IEA: Global green hydrogen pipeline tripled in 2023 but future growth at risk
Electrolyser capacity for hydrogen production is likely to exceed 2GW by the end of the year, marking a year-on-year tripling, according to the International Energy Agency (IEA).
The IEA revealed the figures this week through the new edition of its annual global hydrogen review, confirming that China is set to account for more than half of all global electrolyser capacity by the end of December.
If all announced projects are realised globally, capacity could exceed 420GW by 2030, the IEA forecasts. This is a 75% increase from its last predictions, released this time last year.
With this amount of capacity, some 35 to 38 million tonnes of low-emission hydrogen could be manufactured during the year 2030. The IEA expects 75% of this to be green and the remainder to be accounted for nuclear-based hydrogen and ‘blue’ hydrogen. This refers to hydrogen produced using fossil gas processes co-located with man-made carbon capture technologies.
Nonetheless, the IEA’s executive director Fatih Birol has warned that “incredible momentum” in the green hydrogen sector is facing strong headwinds and may not continue at the same pace for the rest of the decade without urgent, targeted policy interventions.

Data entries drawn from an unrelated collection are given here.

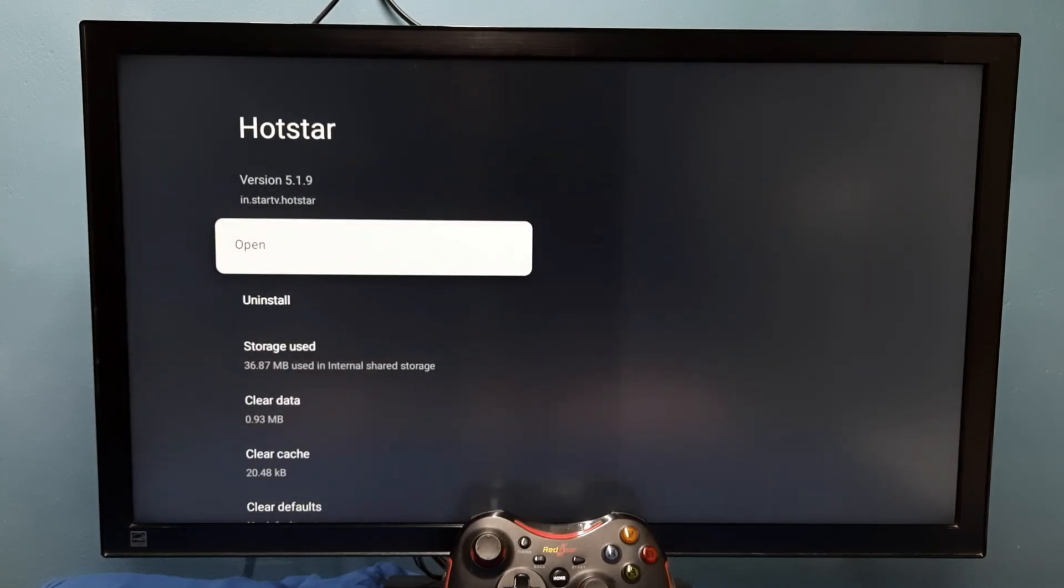So this way we can force stop an app. Please try it.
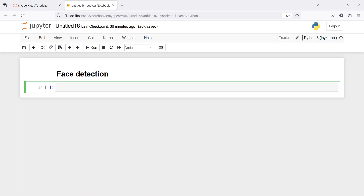In this tutorial you will learn about face detection using Haar Cascade. It is a machine learning based approach where we have a set of positive and negative images that are used to train a classifier. Positive images are images which we want our classifier to identify, and negative images are everything else which do not contain the object we want to detect.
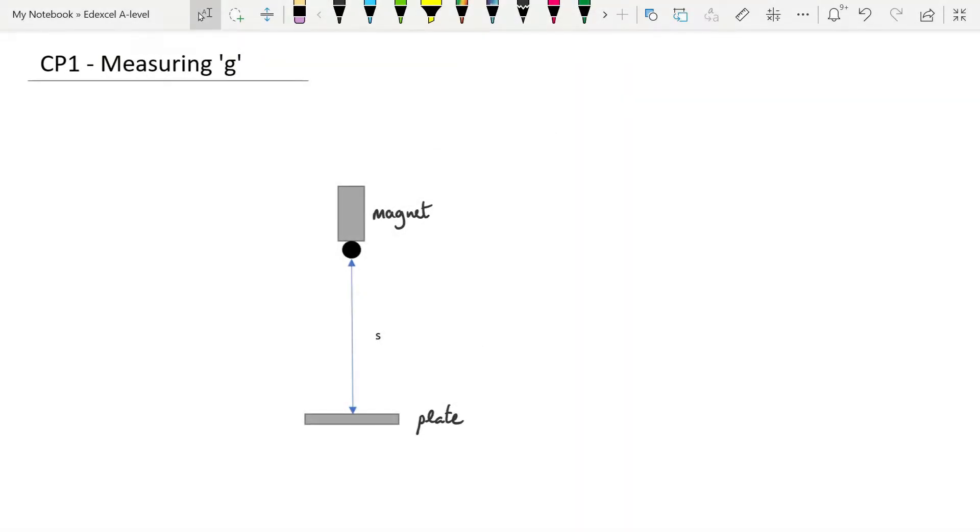This video is for Core Practical 1, the mechanics Core Practical for the first year of A-level, and the purpose of it is to measure the acceleration due to gravity, or the gravitational field strength, often known as g.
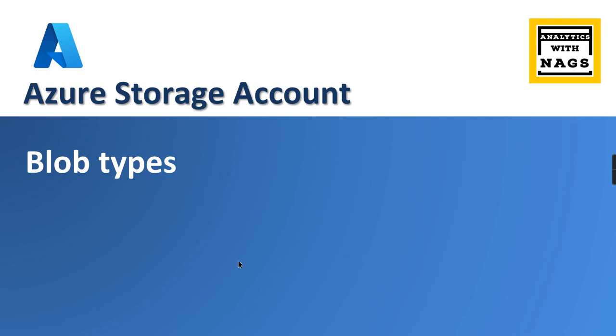Welcome to Anahelytics with Naks. In this video we're going to check out the different blob types. When you upload an object as a blob in the Azure Storage Account, you need to choose the appropriate type. What are those? Let's check it out in this video.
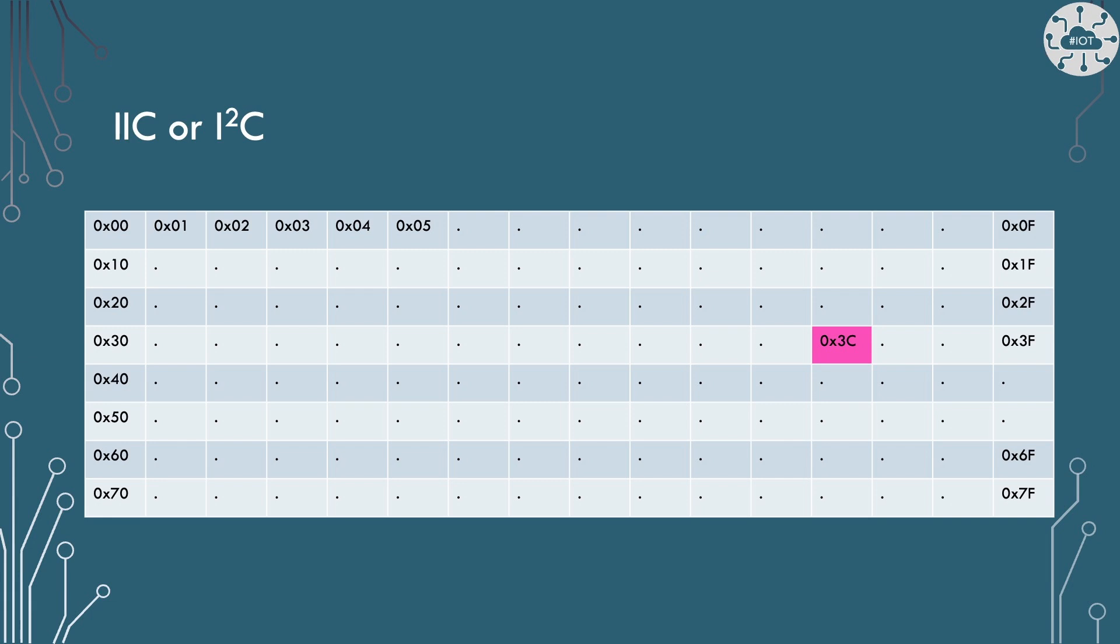Now the device we're talking to today is nearly always on address 3c. Now with some modules you can actually adjust that and add one, two or three to that address so you could be on 3d, 3e, 3f etc. But generally out of the packet they're on 3c and that's what we're going to use to talk to it today.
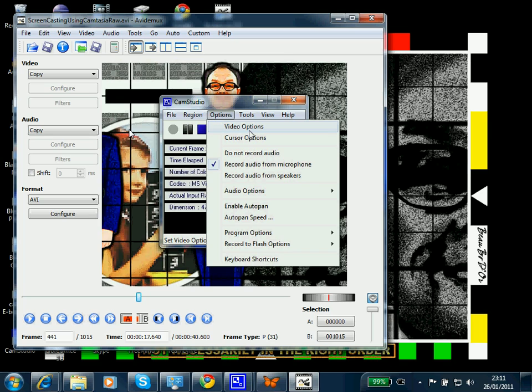Now this source video, even though it's only 40 seconds, came in at 10 megabytes. We can reduce the video size by changing the screen resolution or by changing the image quality or the audio quality.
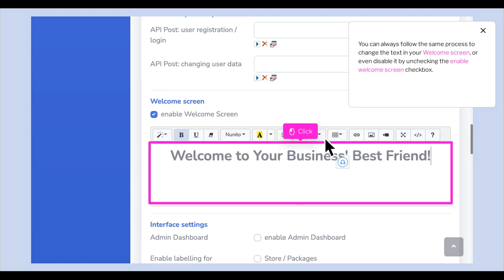You can always follow the same process to change the text in your welcome screen, or even disable it by unchecking the Enable Welcome Screen checkbox.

The IEA’s review states that low-carbon prices have remained “stubbornly” high, largely due to increased supply chain costs amid the current global economic downturn. Some offshore wind developers, for example, have seen forecasted project costs increase by up to 40%, as high energy prices impact the cost of components and raw materials.
Included in the review are a string of recommendations for policymakers seeking to reduce risk perceptions associated with green hydrogen and improve the economic feasibility of this nascent technology.

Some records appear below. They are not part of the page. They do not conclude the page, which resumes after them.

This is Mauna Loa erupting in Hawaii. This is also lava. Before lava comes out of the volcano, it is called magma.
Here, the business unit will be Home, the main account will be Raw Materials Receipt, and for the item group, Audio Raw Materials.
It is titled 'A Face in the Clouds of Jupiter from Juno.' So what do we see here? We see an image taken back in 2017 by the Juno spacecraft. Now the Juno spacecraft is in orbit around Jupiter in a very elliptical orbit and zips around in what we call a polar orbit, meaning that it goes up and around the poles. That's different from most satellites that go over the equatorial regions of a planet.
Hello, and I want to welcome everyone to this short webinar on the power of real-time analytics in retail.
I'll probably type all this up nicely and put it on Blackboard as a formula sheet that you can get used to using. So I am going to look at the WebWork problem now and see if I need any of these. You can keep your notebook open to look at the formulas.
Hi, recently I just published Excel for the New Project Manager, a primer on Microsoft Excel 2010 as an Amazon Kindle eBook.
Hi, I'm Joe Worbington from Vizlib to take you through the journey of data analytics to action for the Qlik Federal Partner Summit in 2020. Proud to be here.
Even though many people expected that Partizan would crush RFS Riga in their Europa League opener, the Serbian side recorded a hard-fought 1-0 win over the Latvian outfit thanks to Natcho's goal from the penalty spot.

Policymakers should not only look to reform and increase funding and/or subsidy packages, which has proven effective in the US, the report warns. They will also need to provide long-term clarity to developers, though mechanisms like the UK’s Hydrogen Business Model. This guarantees producers a minimum payment levels for their hydrogen; payments will be part-subsidised by the government if necessary.

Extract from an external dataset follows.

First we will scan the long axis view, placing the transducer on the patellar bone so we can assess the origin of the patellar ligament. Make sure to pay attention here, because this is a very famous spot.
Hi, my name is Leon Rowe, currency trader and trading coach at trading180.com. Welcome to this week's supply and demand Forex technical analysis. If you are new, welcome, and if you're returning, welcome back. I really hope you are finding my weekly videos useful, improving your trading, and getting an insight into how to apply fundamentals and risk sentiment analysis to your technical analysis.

Additionally, policymakers need to lift barriers relating to blended finance provisions, licencing and permitting.
Balancing demand and supply
Another key issue to hydrogen development flagged in the IEA is that many developers are not yet confident that the demand will exist for their low-carbon hydrogen.
Governments have collectively set targets to create demand for hydrogen of 14 million tonnes, the IEA has calculated. In contrast, targets to scale production cover 35 million tonnes.
“Direct purchase agreements with private sector consumers are beginning to emerge but remain at a very small scale,” the IEA notes, highlighting that there is still a role for governments to send stronger demand signals – especially given that policy efforts so far have “been limited”.
The review recommends that policymakers work with hard-to-abate industrial and transport sectors to develop more robust plans to stimulate demand.